Under the agreement, Nokia will incorporate NVIDIA’s Aerial RAN Computer Pro (ARC-Pro) into its AirScale baseband portfolio. ARC-Pro is a 6G-ready platform that combines computing, connectivity, and sensing functions, enabling telecom providers to move from 5G-Advanced to 6G through software upgrades rather than full hardware replacement.
“The next leap in telecom isn’t just from 5G to 6G — it’s a fundamental redesign of the network to deliver AI-powered connectivity, capable of processing intelligence from the data center all the way to the edge,” said Justin Hotard, president and CEO, Nokia. “Our partnership with NVIDIA, and their investment in Nokia, will accelerate AI-RAN innovation to put an AI data center into everyone’s pocket.”

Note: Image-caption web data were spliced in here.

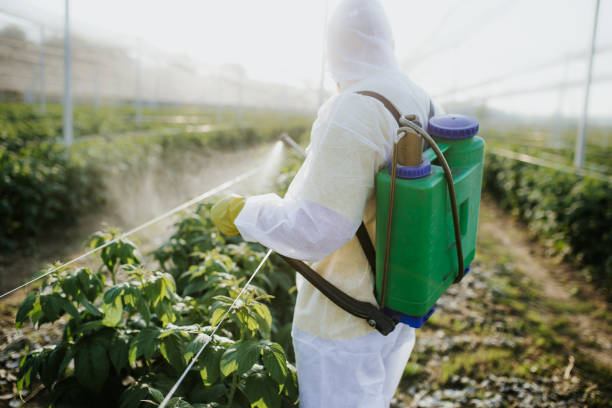 Best Emergency Pest Control  in Los Angeles, CA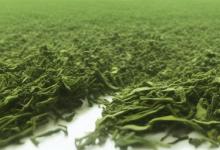 日照绿茶哪个品牌好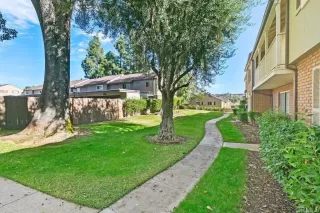 Photo #2: PTP2400058 Listing 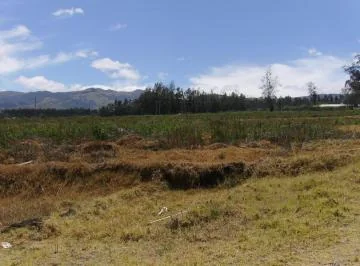 Vendo Terreno en Checa 34,30 Hectáreas $ — imagen 4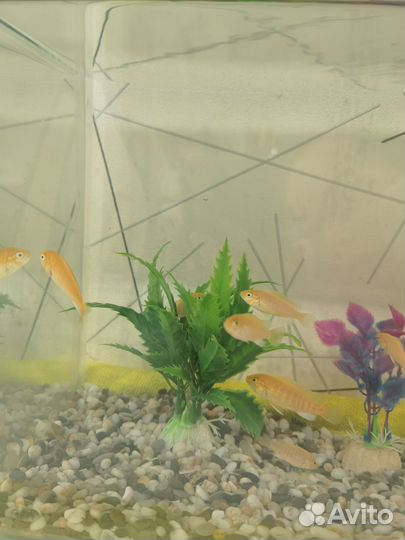 Аквариумные рыбки Цихлиды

T-Mobile US will work with both companies to test and validate AI-RAN technologies as part of its 6G research and development. Field trials are expected to begin in 2026 to evaluate network performance and energy efficiency.
The companies explained AI-RAN unifies AI and radio access workloads on a single, software-defined infrastructure, allowing operators to serve growing generative AI and edge computing traffic alongside traditional network functions. The platform will also enable faster innovation cycles and improve the use of existing network assets.